Hmmm....last time I checked 8-1 is an improvement over 5-3, but you can count right? Its been fun punching holes through both your witty, clever titles and arithmetic. But you seem pretty narrow-minded so I don't know if my retorts are sinking in. Seriously, how is the US even medaling since they are playing such an "inferior" brand of basketball to your FIBA darlings? You know, the ones you alledge play a "true" brand of basketball. Explain that one to me, I would be delighted to hear it. 

"Lebron, with his high school education", wow it only took you about an hour to bring that up, better than the few days it took to claim the title of "USA Conquerors," maybe you're not as much of an imbecile as I thought. Why shouldn't he be proud of his bronze medals? they came in two of the most competitive international tournaments in recent memory. So they didn't have the best team, they still have the best individuals, which doesn't guarantee anything, but increases the US's chance and helps alleviate some of the advantages that other teams have in cohesive teamwork.


----------



## BucketDawg

Ok, any team that truly wants to be ranked number 1 in the world, imo, can't take that ranking until they have to accept the responsibility of winning that USA has to deal with. Where even if you win, you lose, whereas no victory is decisive enough, teamwork can't be crisp enough, and every game, even exhibitions, matter. Spain may soon take that title, you never know, but if they do, they have to accept that responsibility.


----------



## DKaiser

BucketDawg said:


> So *they didn't have the best team*, they still have the best individuals, which doesn't guarantee anything.


There you go! See. You do agree they don't have the best team. What can I say?


----------



## DKaiser

BucketDawg said:


> Hmmm....last time I checked 8-1 is an improvement over 5-3, but you can count right?


Well, look at the bigger picture, Bronze = Bronze and Bronze < Gold. I'm sure Spain's not going to trade Gold for Bronze.


----------



## BucketDawg

Never did I once claim that they did have the best team, I admitted that they have serious problems with their FT's, and other than that all I did was defend them against your silly titles. Greece beat them, period. All I'm trying to do is defend them against posters such as yourself who still feel the need to attack them in any way or shape, such as Lebrons' intelligence. You seem to basically want "to have your cake and eat it too" with Team USA. You pounce on them when they lose one game, yet downplay their accomplishments when they achieve medals, which is an accomplishment since you and I both know that international competitions today are vastly more competitive. I'm sure your posts would be even more vindictive and narrow-minded had they lost to Argentina for the bronze.


----------



## DKaiser

BucketDawg said:


> Why shouldn't he be proud of his bronze medals?


I didn't say he shouldn't be proud of it. My point is moving from Bronze to Bronze is not quite the improvement in my book.
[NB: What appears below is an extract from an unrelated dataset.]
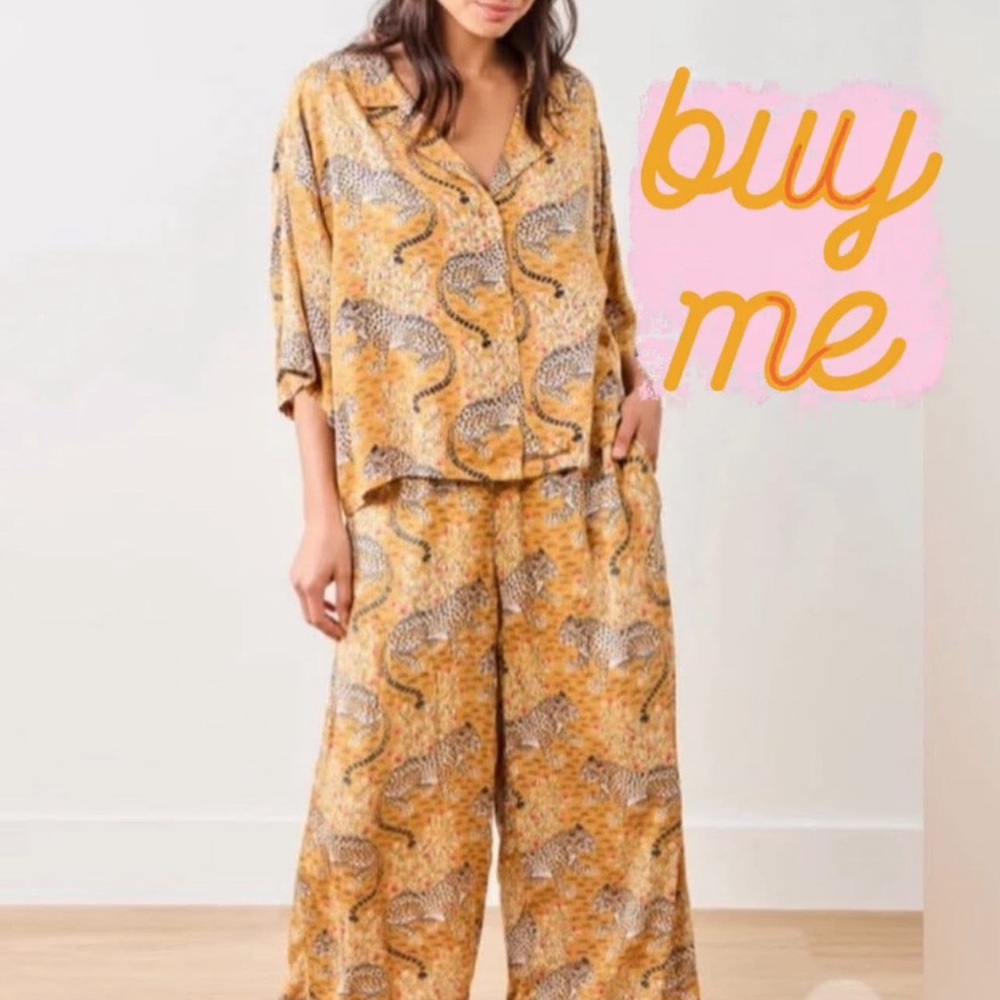 New without tags Printfresh Bagheera satin wildest dream set. Medium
Team USA should hold itself to a higher standard if they hope for real improvements (like Silver or Gold). They can't adopt the if-you-can't-beat-them-lower-your-standard mentality.

By the way, is Bronze a traded commodity in the Securities and Exchange market? Just curious.


----------



## BucketDawg

They have improved, they have improved in just about every statistical category from Athens, and they basically did it with complete improvisation on the offense the entire tournament. Still getting a medal was a success, this was a completely revamped team from the one in Athens, and most of these guys didn't have any international experience, at least any significant. They also had the least amount of time to prepare. You aren't helping your arguments by attacking their intelligence(a la Lebron), it just makes you look petty and foolish.


----------



## DKaiser

BucketDawg said:


> other than that all I did was defend them against your silly titles. Greece beat them, period. All I'm trying to do is defend them against posters such as yourself who still feel the need to attack them in any way or shape, such as Lebrons' intelligence.
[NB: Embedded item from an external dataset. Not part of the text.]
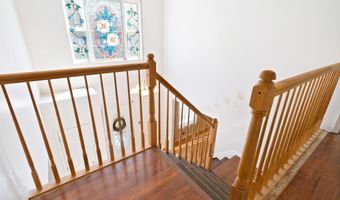 7 Willowtree Ct, Barnegat, NJ 08005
Silly titles? You mean the "USA conquerors" title? That wasn't for team USA. That was for you-know-which-countries-beat-them. That title in fact should be a tribute to NBA-powered team USA, as foreign teams are looking at them as a Mt. Everest of basketball.
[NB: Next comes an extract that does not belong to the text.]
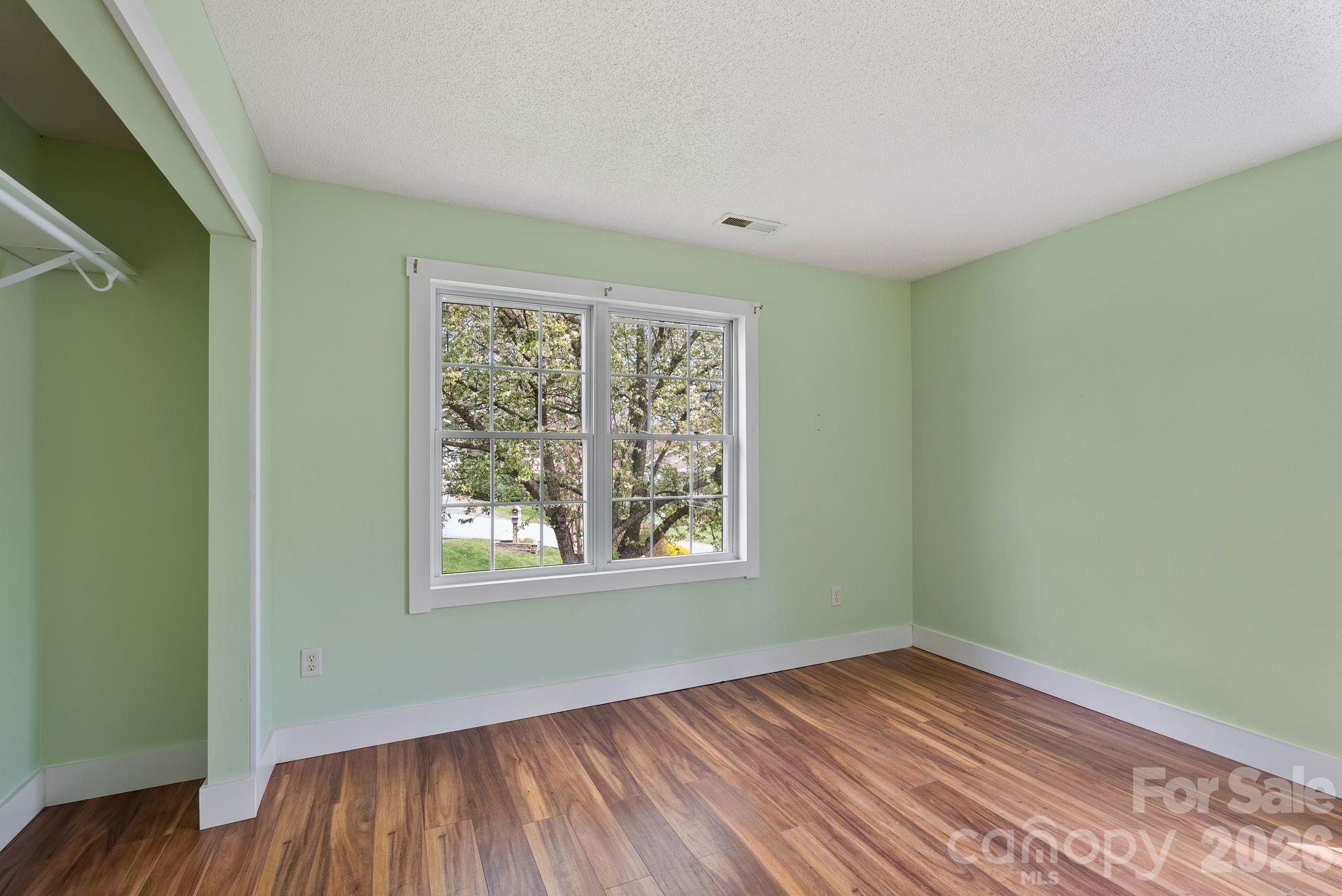 73 Creeks End Circle Property Photo 18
Lebron's intelligence? The reference to his "high school education" was to highlight the level of maturity (in terms of learning the fundamentals of the game) that pervade in the NBA of today. Now don't pretend there's not deterioration in terms of basketball fundamentals in the NBA. Wouldn't you advocate college education for these kids before they jump into the NBA?

Cheers!
:biggrin:


----------



## DKaiser

BucketDawg said:


> Still getting a medal was a success


Like I said...team USA should hold themselves to a higher standard. For crying out loud, you're talking about the NBA! not NCAA, not NBDL...to call Bronze a success? For an NCAA-assembled team, yes. For a team of elite NBA players? Not good enough. It's called appropriate expectation.


----------



## BucketDawg

It is a success, like I have pointed out many times, they are playing a somewhat different game to the one they usually play. This isn't 1992 any more, basketball is being played at a high level throughout the entire world, not just the NBA, and FIBA basketball plays to the strengths of non-NBA leagues. Now if they were to win the bronze medal while they were playing by NBA rules, with and NBA court, and NBA ball, and so on... then that would be a colossal failure, but they aren't. They are trying to adapt to a somewhat different game to the one they usually play. And if our fundamental abilities were as eroded as you would claim, then we wouldn't even medal in a competition that prides itself fully on fundamentals. Lebron has some strong fundamentals, but like you said, he is young and willing to learn, his shot and FT's, and defense are still iffy, but he is yound and will have time to improve, much like his idol Jordan did.


----------



## DKaiser

BucketDawg said:


> It is a success, like I have pointed out many times


The continuum of reactions range from COLOSSAL FAILURE at one extreme to SUCCESS at the other. DISAPPOINTMENT is somewhere in the middle. I'd say DISAPPOINTMENT (with optimism) is right on money with regards to their Bronze finish. After all, they came in as the top seed in the tournament.


----------



## BucketDawg

Disappointment with optimism is a realistic determination of this tournament. They have their sights set on Beijing, hopefully with a healthy Kobe. I still view it as a success just based off the adversity that they face, they also tied Yugoslavia with the most amount of medals claimed in the Worlds, which is another positive. I just get tired of seeing both the American and International medias hammering Team USA and trashing them for no other reason being that it is the "in" thing to do. If these weren't somewhat fundamental players then they wouldn't medal in such competitions. If you want to trash the 2002 team, then thats fine, they acted arrogantly and with disrespect to themselves and others, but every team since then has acted much better, I'm just tired of ignorant knee-jerk reactions from everybody (mostly Europeans) towards Team USA which are probably just politically driven.


----------



## DKaiser

I still say the best team that can be formed is in the US. They just have to mix and match properly. The presence of Kobe alone sends jitters to any opposing team. I'm sure international coaches are already scrambling for new strategies when he comes on board. This guy will be on all night when he plays.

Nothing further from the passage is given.